The origin of mechanical stress in vacuum-deposited MgF2 and ZnS films

In this paper an attempt is made to find an explanation for the observed intrinsic stresses of clean and contaminated vapour-deposited MgF2 and ZnS films. The tensile stress of a stoichiometric and pure MgF2 film 1000 A thick can be calculated assuming a grain boundary model. Small quantities of impurities acting in the grain boundary region change the stress behaviour according to their space requirements. In MgF2 films low concentrations of CaF2 and ZnF2 decrease the tensile stress appreciably. The compressive stress of ZnS films 1000 A thick can be explained by an impurity grain boundary model. Calculation and measurement with both types of films are in a reasonable agreement. In the case of films deposited at low rates it is assumed that the introduction of oxygen atoms into the ZnS lattice, ogether with a resulting lower packing density, is responsible for the observed tensile stress.

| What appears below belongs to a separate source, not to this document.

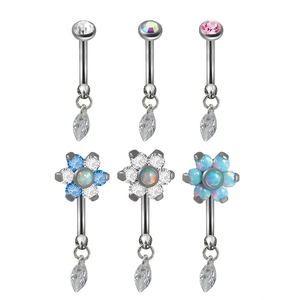 Set of 6 G23 titanium belly rings with colorful zircon and opal teardrop pendants
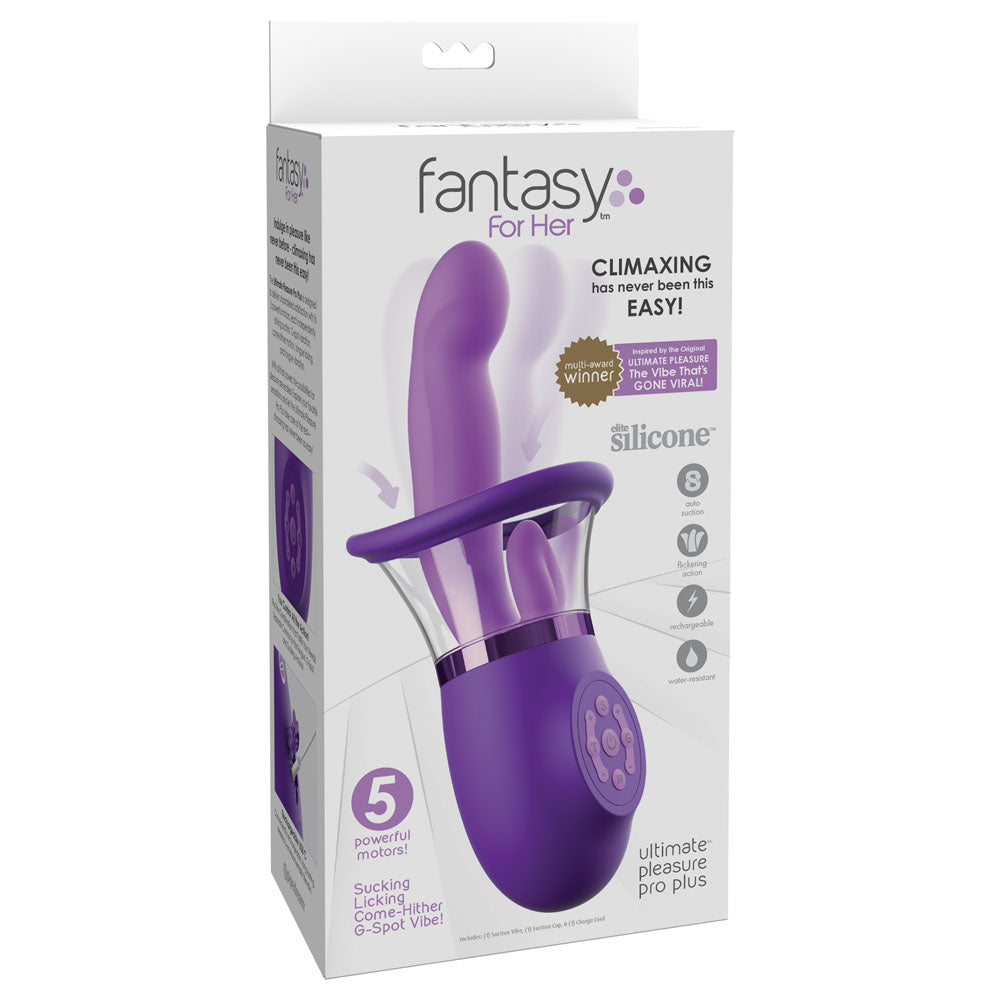 Fantasy For Her Ultimate Pleasure Pro Plus USB Rechargeable Sucking Licking and Flicking Vibrator Suction Stimulator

The tensile stresses of isolated crystalline aggregates may be produced by strain caused by the many point defects observed and by the partial disorder of the lattice. The stress behaviour of thicker films containing high concentrations of impurities seems to be determined by strains caused by distance variations in the lattice of the film of columnar crystals as well as by grain boundary effects. For stress calculations in this complex case the required mathematical formulations are still not available.